[Items from a dataset]
☆ ☆ ☆ ☆ ☆ ☆ ☆

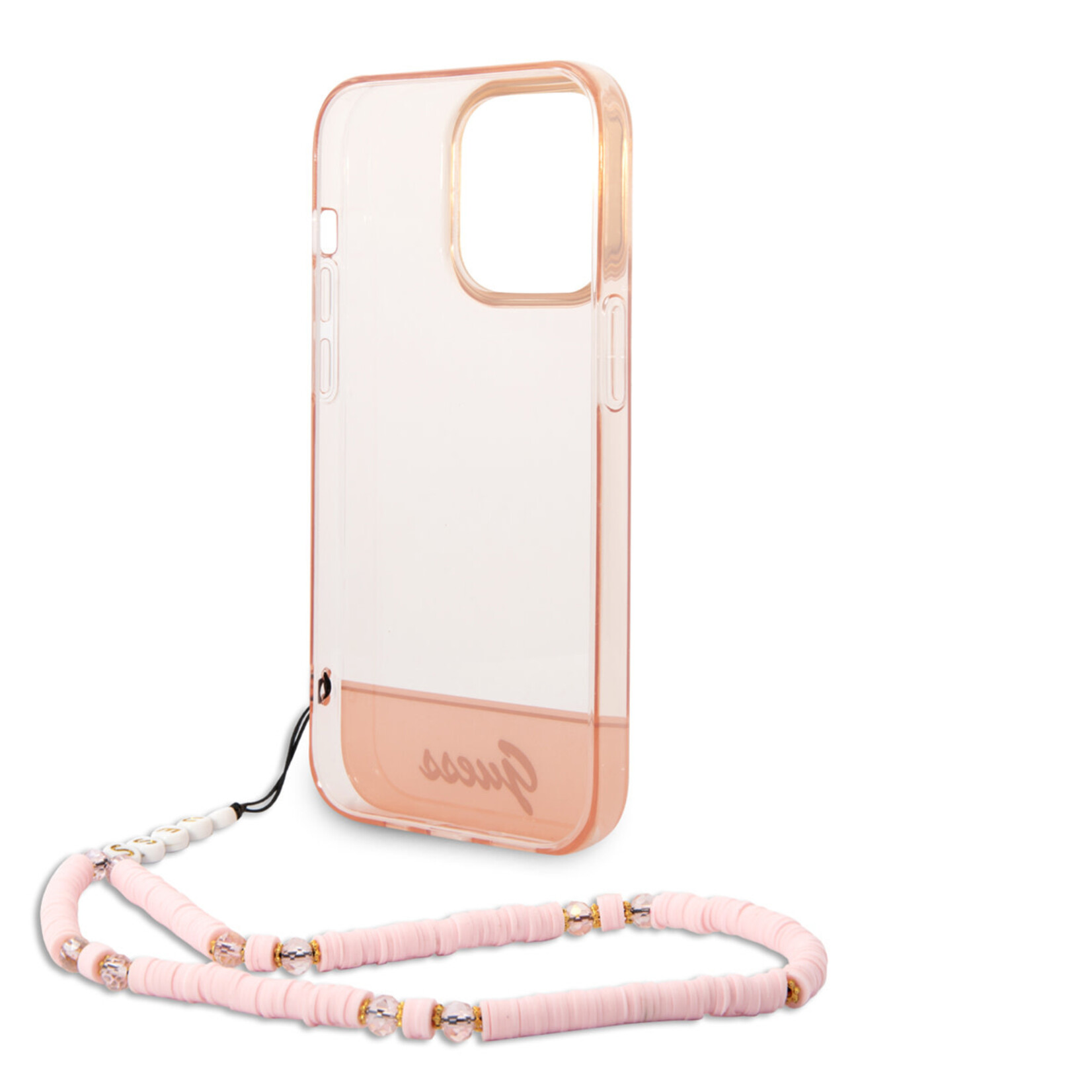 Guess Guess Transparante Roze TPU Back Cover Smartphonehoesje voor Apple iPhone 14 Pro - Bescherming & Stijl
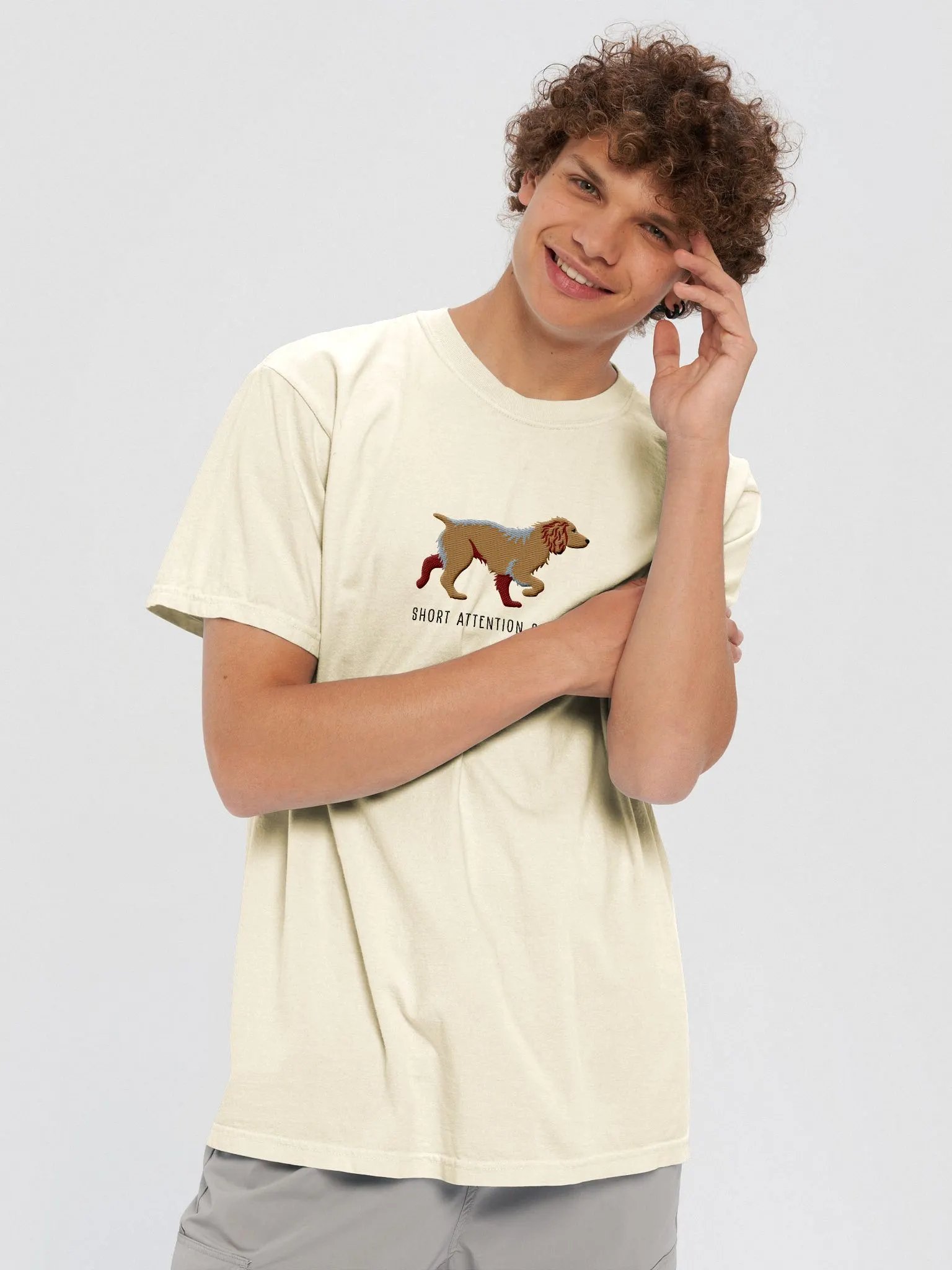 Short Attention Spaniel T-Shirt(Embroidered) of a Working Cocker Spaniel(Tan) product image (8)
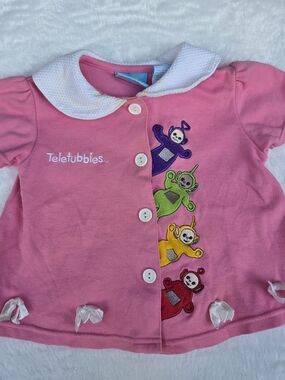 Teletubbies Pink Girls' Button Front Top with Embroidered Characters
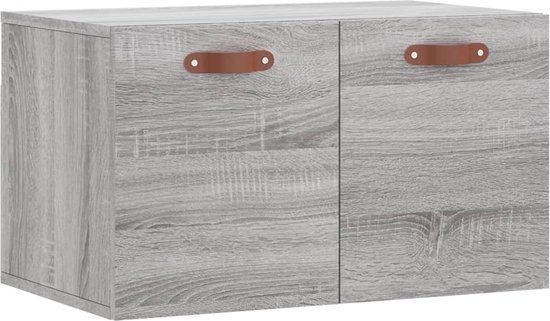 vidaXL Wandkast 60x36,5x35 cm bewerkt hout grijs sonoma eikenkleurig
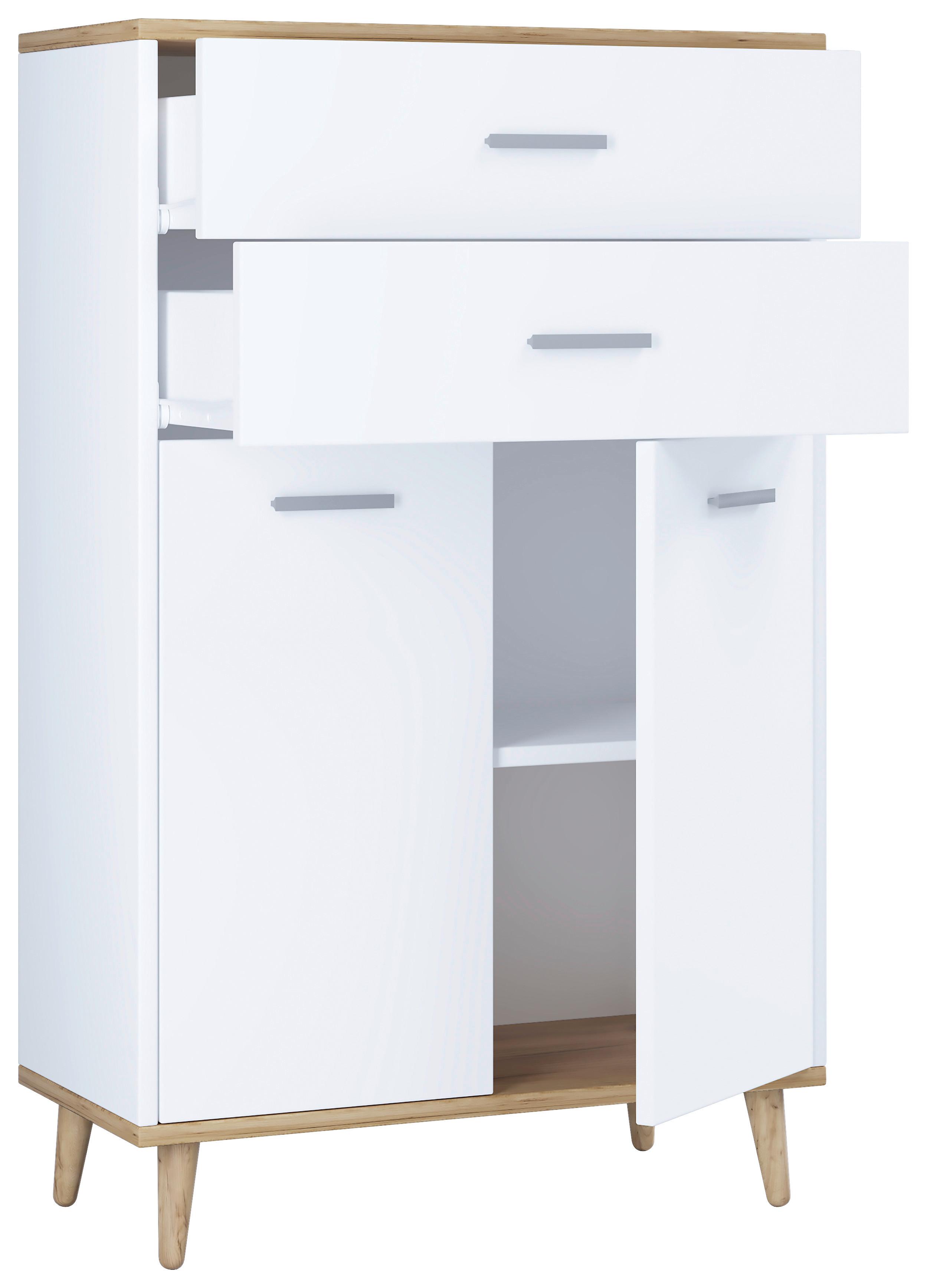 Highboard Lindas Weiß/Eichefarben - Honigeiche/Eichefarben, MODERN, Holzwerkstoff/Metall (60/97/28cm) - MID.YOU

☆ ☆ ☆ ☆ ☆ ☆ ☆

#### [Problem]
Reproduce the data verbatim and omit each image.

#### [Result]
 Guess Guess Transparante Roze TPU Back Cover Smartphonehoesje voor Apple iPhone 14 Pro - Bescherming & Stijl
 Short Attention Spaniel T-Shirt(Embroidered) of a Working Cocker Spaniel(Tan) product image (8)
 Teletubbies Pink Girls' Button Front Top with Embroidered Characters
 vidaXL Wandkast 60x36,5x35 cm bewerkt hout grijs sonoma eikenkleurig
 Highboard Lindas Weiß/Eichefarben - Honigeiche/Eichefarben, MODERN, Holzwerkstoff/Metall (60/97/28cm) - MID.YOU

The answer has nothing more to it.